Тогда я и задумался, что мне делать со своей жизнью. Впервые выбор целиком зависел от меня; мне уже не нужно было думать, как спастись от очередного надвигающегося бедствия, или делать ставку на удачу. Мне предлагали остаться на государственной службе. Когда меня зачислили в университет Джона Хопкинса как обычного студента дневного отделения, я обрадовался и решил идти на факультет электротехники. Меня с самого детства интересовали механические и электрические устройства, а инженерное дело также означало возвращение к нормальной жизни, которой я был лишен в течение тринадцати лет, больше половины прожитых мною лет, с тех самых пор, как уехал из Германии, в которой вырос.
Глава 3
Семья
Роды продолжались уже двадцать три часа, но я по-прежнему так крепко держался в утробе моей матери, что пришлось наложить щипцы и вытащить меня на свет божий.

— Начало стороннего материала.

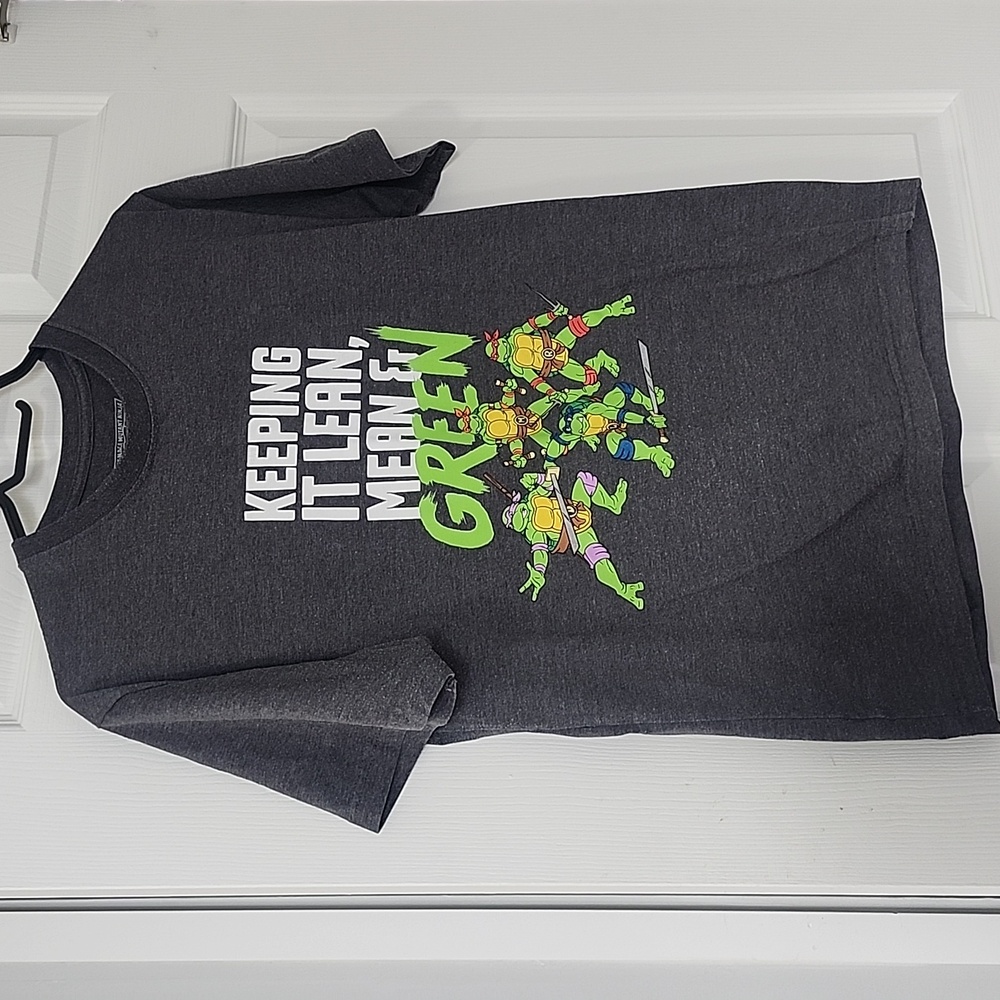 Teenage Mutant Ninja turtles graphic tshirt. Keeping it lean, mean and green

Когда я достаточно повзрослел, мама всегда давала мне понять, что любит меня, несмотря на все муки, которые причинило ей мое рождение. Я родился 3 июля 1923 года, когда в Германии бушевала самая страшная в мире инфляция и большинство немцев, в том числе и мои родители, с трудом сводили концы с концами. Меня назвали длинным именем Хайнц Вольфганг Рихард Зонненфельдт, быть может, потому что я так долго не хотел появляться на свет!
Чтобы родить, мама поехала в Берлин, Grossstadt (большой город), из Гарделегена, Kleinstadt (наш родной городок). В Гарделегене роды обычно проходили на кухонном столе под руководством крепко сбитых повитух. Если возникали осложнения, вызвать акушера-гинеколога было неоткуда, оставались только семейные доктора, как мои собственные отец и мать. Самых сложных рожениц отправляли в местную больницу, и роды не всегда завершались счастливым исходом. Так что мама, в отличие от обычных гарделегенцев, поехала в самую прогрессивную берлинскую клинику, где она сама проходила обучение.

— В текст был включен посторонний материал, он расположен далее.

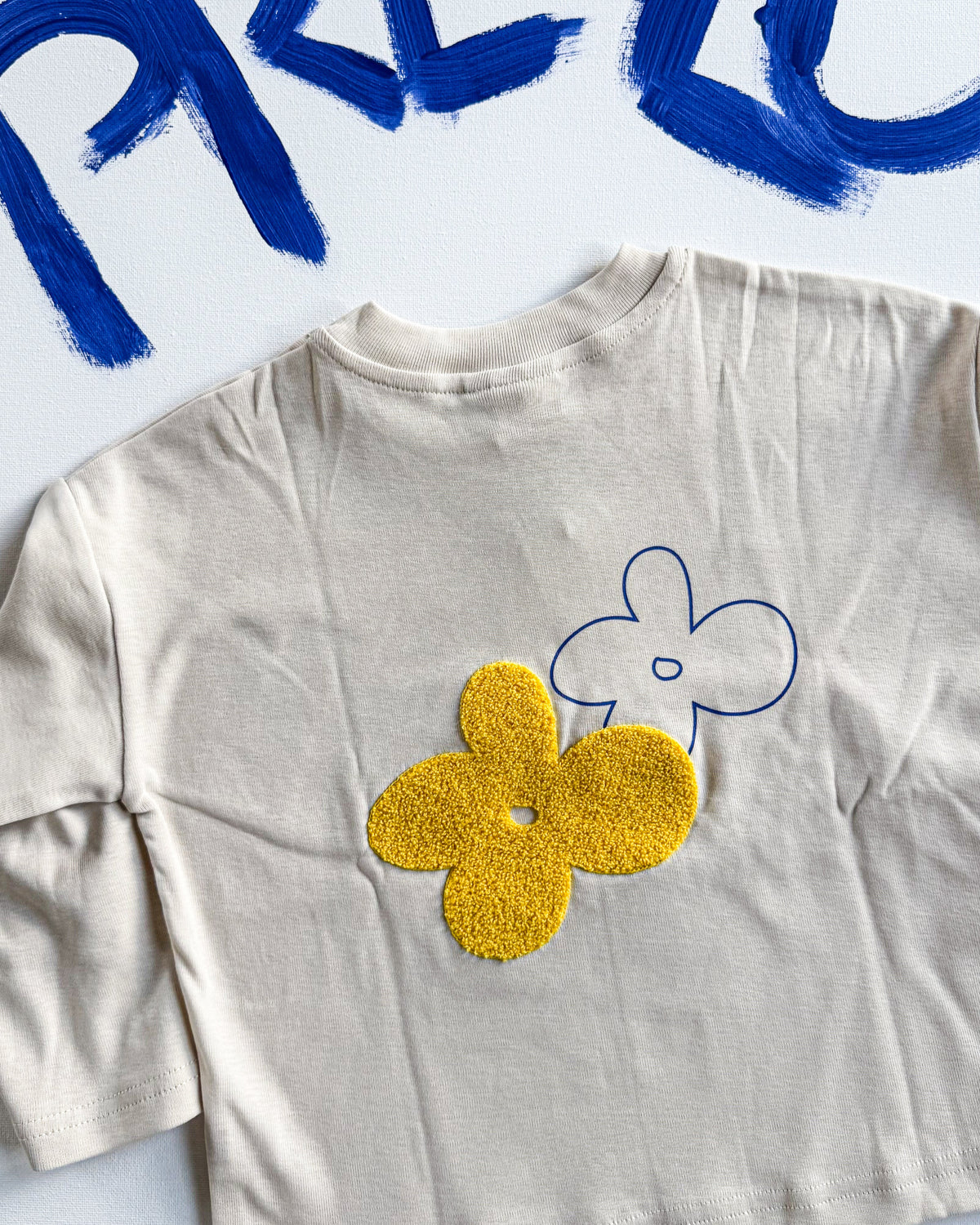 Pre-Loved: Flower Oversized Longsleeve Oat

Три года спустя, когда экономическая ситуация выправилась, родился мой единственный брат, и тоже в клинике доктора Штрассмана.
После рождения Хельмута у мамы развилась меланхолия, которую теперь называют послеродовой депрессией. Мама, папа, брат Хельмут и жившая с нами няня поехали домой в Гарделеген, а меня оставили с бабушкой Мартой и дедушкой Максом Зонненфельдтами, которые жили в большой квартире вместе с моей тетей Катрин и ее мужем Фрицем в фешенебельном берлинском квартале Тиргартен.
Дедушка Макс был крепким мужчиной с головой похожей на яйцо, усами и ежиком седых волос. Он гордился своей физической крепостью, которую демонстрировал, напрягая бицепсы, даже когда никто в ней не сомневался. Он носил блестящие черные высокие ботинки со шнурками, которые завязывал симметричными бантиками, рубашки с отстегивающимися крахмальными воротничками и булавку на галстуке, который он снимал не развязывая. Округлый живот обнимала золотая цепочка от карманных часов, которые он подводил ежедневно в полдень. У дедушки Макса был список друзей и родственников, с которыми нам позволялось общаться, и второй список – с теми, от которых нам следовало держаться подальше. Мы были вынуждены соглашаться с его списком, иначе нам бы попало.